Zur Arbeitslast: Die als zu hoch angegebene Arbeitslast lässt sich (teilweise) leicht erklären: Gibt es in einer Branche zu wenig Arbeitskräfte, so steigt die Belastung pro Person natürlich an. Personalengpässe müssen von denjenigen ausgeglichen werden, die möglicherweise aus eben diesem Grund dafür sorgen, dass sie entstehen.

Zur Jobsicherheit: Vor allem in herstellenden Berufen kommt es häufig vor, dass Mitarbeitenden gekündigt wird, sobald sich eine schlechte Auftragslage ankündigt – und dass wiederum neue Kollegen gesucht werden, sobald die Auftragslage entspannt ist. Viele Blue-Collar-Angestellte arbeiten nicht in dem Beruf, den sie sich für sich selbst wünschen. Das macht sie nicht weniger motiviert – es sorgt eher dafür, dass sie sich als sehr loyale Mitarbeitende herausstellen, wenn man ihnen eine sichere Arbeitsstelle bietet. Denn im Gegensatz zu akademischen Arbeitskräften, die häufig durch ihre Aufgaben selbst motiviert werden, haben Blue-Collar-Worker einen konkreteren Grund, ihren aktuellen Job auszuüben: Sie wollen und müssen für sich und ihre Familien sorgen.

Wo von Arbeitgeberseite her über fachlich nicht ausreichend ausgebildete Arbeitnehmer geklagt wird, herrscht häufig auch der Zwang zum perfekten Mitarbeitenden. Der aber hat wahrscheinlich bereits eine Stelle, die ihm gibt, was er braucht und seine Bereitschaft zu wechseln ist überaus gering.

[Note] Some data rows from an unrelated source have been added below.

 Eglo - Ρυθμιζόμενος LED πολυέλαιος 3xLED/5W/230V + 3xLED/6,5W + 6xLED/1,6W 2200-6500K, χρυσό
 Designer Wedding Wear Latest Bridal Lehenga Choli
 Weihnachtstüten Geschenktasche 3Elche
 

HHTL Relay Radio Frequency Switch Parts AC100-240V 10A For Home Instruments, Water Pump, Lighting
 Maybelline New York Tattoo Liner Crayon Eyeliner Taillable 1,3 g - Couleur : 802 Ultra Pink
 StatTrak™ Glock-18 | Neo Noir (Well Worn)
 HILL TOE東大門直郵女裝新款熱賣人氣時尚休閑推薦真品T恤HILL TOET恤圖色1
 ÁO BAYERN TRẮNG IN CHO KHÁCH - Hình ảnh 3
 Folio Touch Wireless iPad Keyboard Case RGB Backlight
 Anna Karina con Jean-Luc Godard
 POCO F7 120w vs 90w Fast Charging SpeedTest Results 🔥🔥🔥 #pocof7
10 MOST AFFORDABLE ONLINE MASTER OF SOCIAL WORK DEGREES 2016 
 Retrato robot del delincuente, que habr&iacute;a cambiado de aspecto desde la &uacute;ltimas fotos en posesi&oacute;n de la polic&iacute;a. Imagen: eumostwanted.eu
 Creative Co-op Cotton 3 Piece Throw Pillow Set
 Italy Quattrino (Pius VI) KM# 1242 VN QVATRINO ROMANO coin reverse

Entsprechend sollten Arbeitgeber in Betracht ziehen, motivierten Bewerbern nötige Fähigkeiten beizubringen und so in ihre Loyalität und eine gemeinsame Zukunft zu investieren, statt Absagen zu erteilen.

Denn solange sich der Arbeitsmarkt nicht – wie er aktuell ist – von einem Arbeitnehmer zu einem Arbeitgebermarkt verändert, müssen Arbeitgeber umdenken, um Personal zu finden.